# TASK DIRECTIONS:
Both ends included, set down the lines from the line containing "Tesla Model 3-2" through the last line of the records below, without pictures.

# TASK INPUTS:
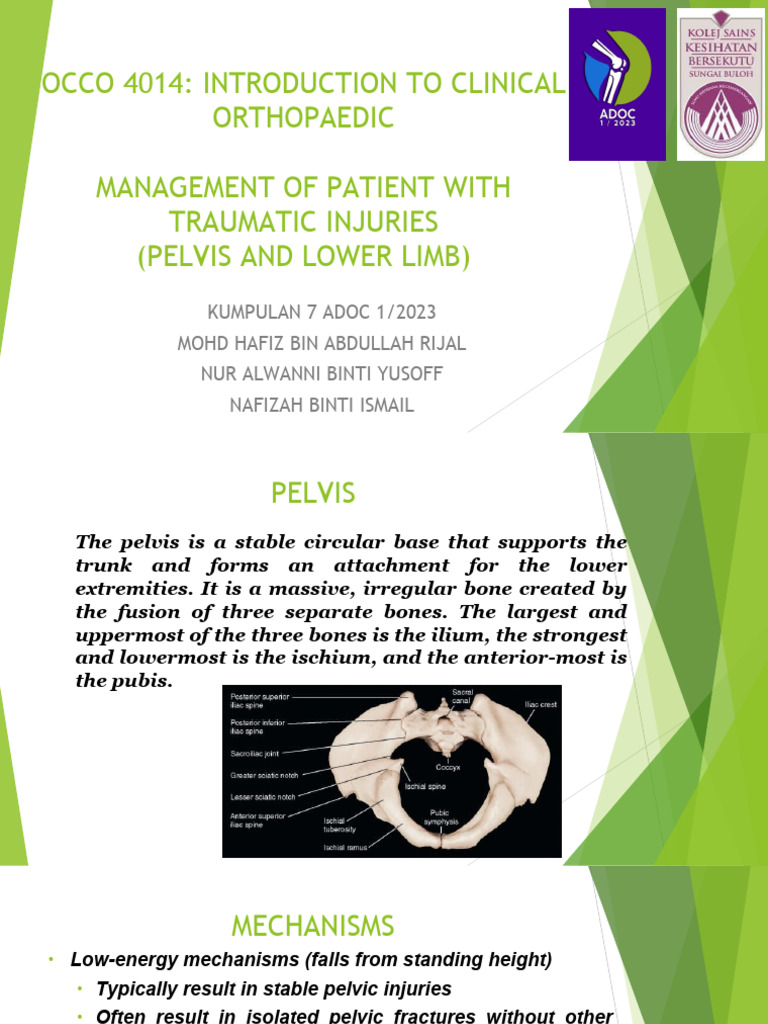 Pelvic And Lower Limb Pdf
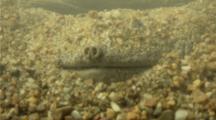 Cantors Giant Softshell Turtle In Muddy River Bottom, Raises Up Snout And Mouth
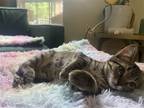 Adopt Max a Gray, Blue or Silver Tabby Domestic Shorthair / Mixed (short coat)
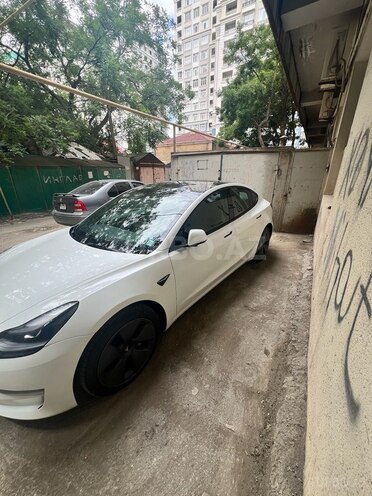 Tesla Model 3-2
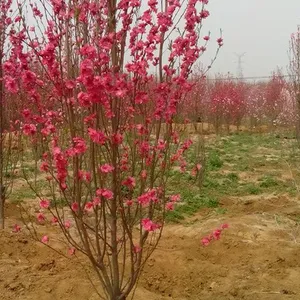 4���״��������Ҷ���Ǯһ�ã���Ҷ���Ҽ۸������������ұ���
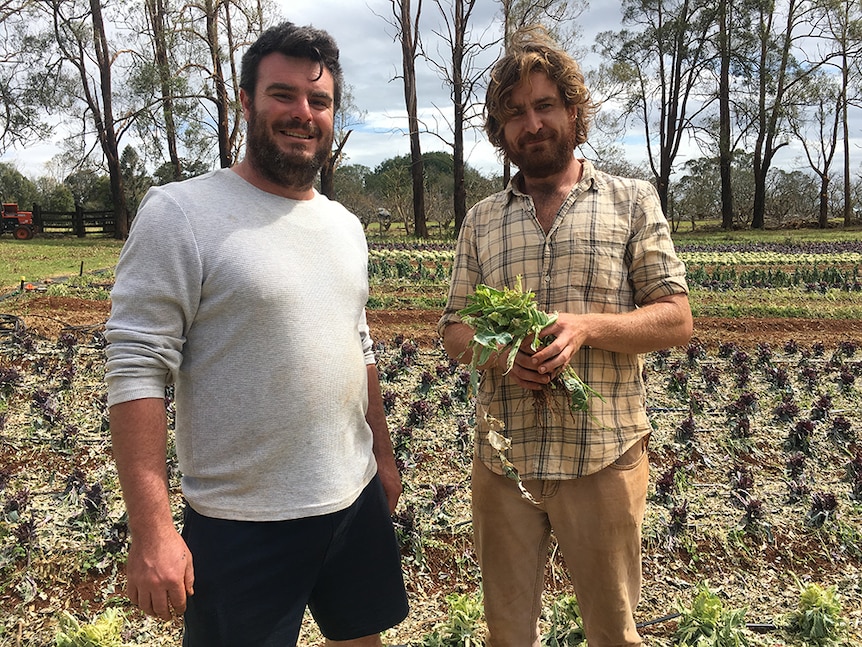 Organic farmers Caine Nichols and Aaron Davidson stand in their hail cabbage patch.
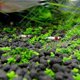 thumbnail image 5 of 50% Off New Aquarium Ornament Plant Seeds Fish Tank Landscape Decoration Water Grass Seed Easy To Grow, 5 of 5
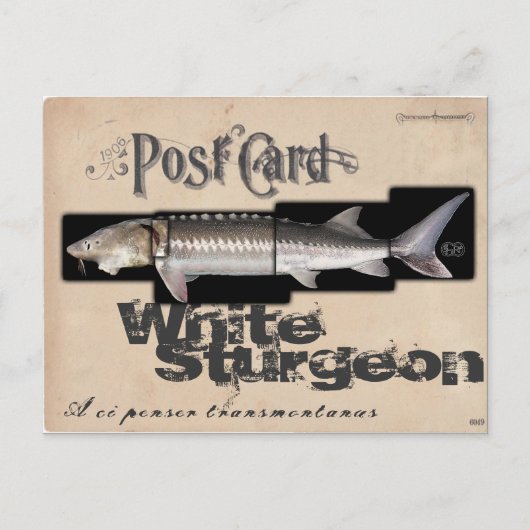 Carte Postale Esturgeon Blanc - Illusionenser Antique (Devant)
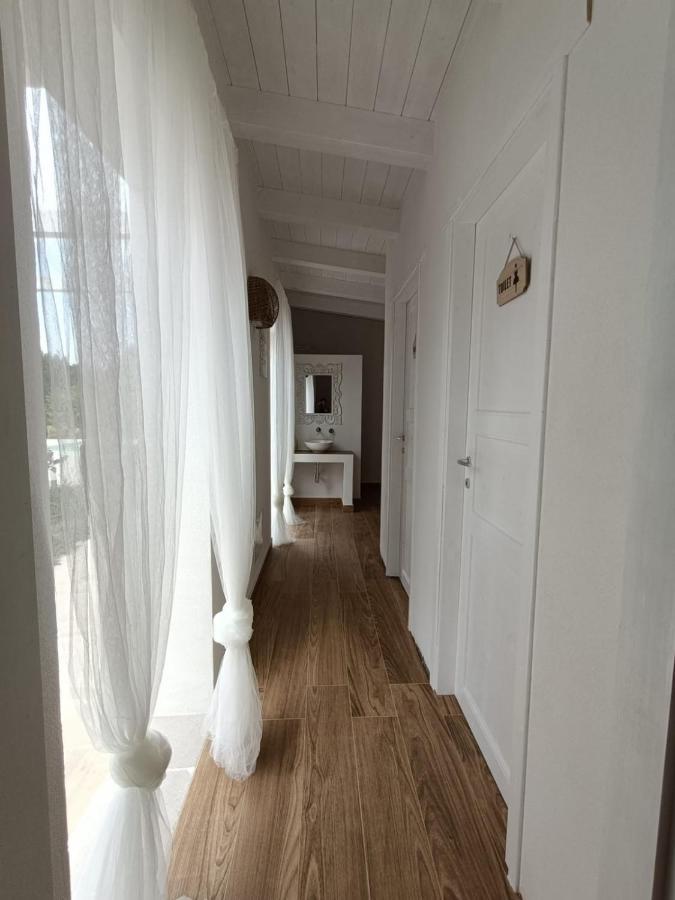 Tenuta Viale Degli Ulivi San Martino in Pensilis Zewnętrze zdjęcie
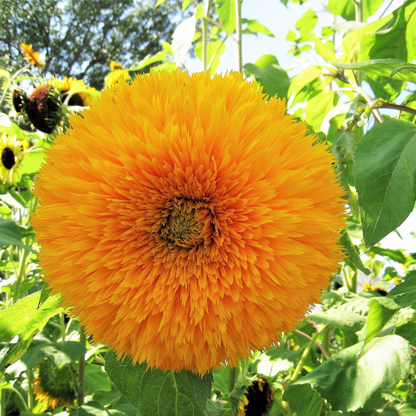 Sungold Sunflower Seeds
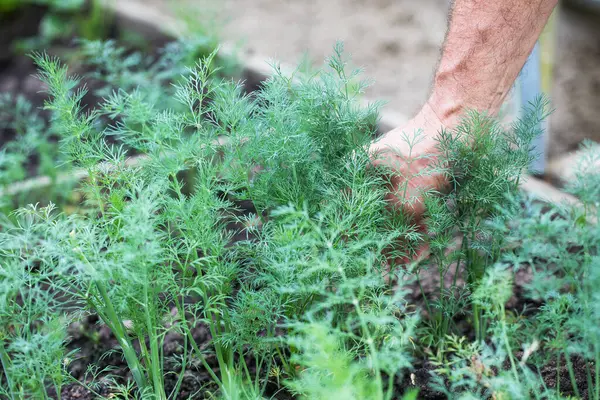 Bir erkeğin eli bahçeden taze dereotu alır. Bahçe işleri ve taze bitkiler..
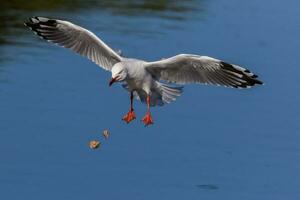 Red Billed Gull in New Zealand photo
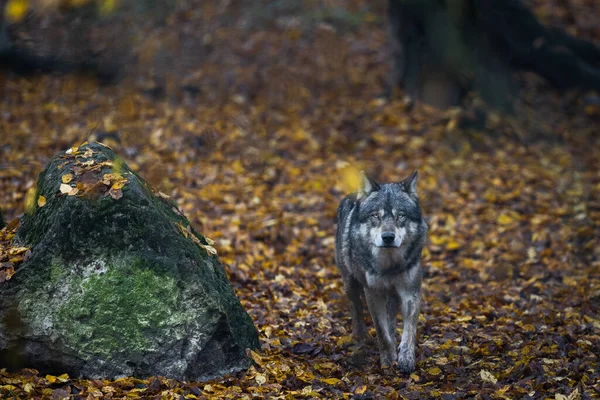 Lupo Grigio Nella Foresta — Foto Stock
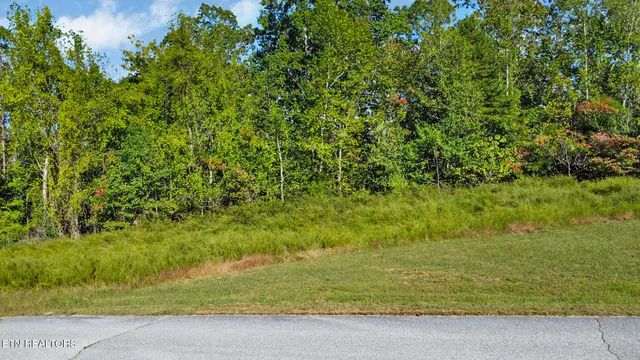 $15,900 | Lot 34 Crystal Springs Road, Rockwood, TN 37854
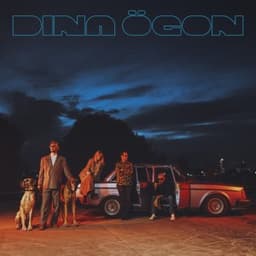Där huden är tunnast - Dina Ögon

# YOUR SOLUTION:
 Tesla Model 3-2
 4���״��������Ҷ���Ǯһ�ã���Ҷ���Ҽ۸������������ұ���
 Organic farmers Caine Nichols and Aaron Davidson stand in their hail cabbage patch.
 thumbnail image 5 of 50% Off New Aquarium Ornament Plant Seeds Fish Tank Landscape Decoration Water Grass Seed Easy To Grow, 5 of 5
 Carte Postale Esturgeon Blanc - Illusionenser Antique (Devant)
 Tenuta Viale Degli Ulivi San Martino in Pensilis Zewnętrze zdjęcie
 Sungold Sunflower Seeds
 Bir erkeğin eli bahçeden taze dereotu alır. Bahçe işleri ve taze bitkiler..
 Red Billed Gull in New Zealand photo
 Lupo Grigio Nella Foresta — Foto Stock
 $15,900 | Lot 34 Crystal Springs Road, Rockwood, TN 37854
Där huden är tunnast - Dina Ögon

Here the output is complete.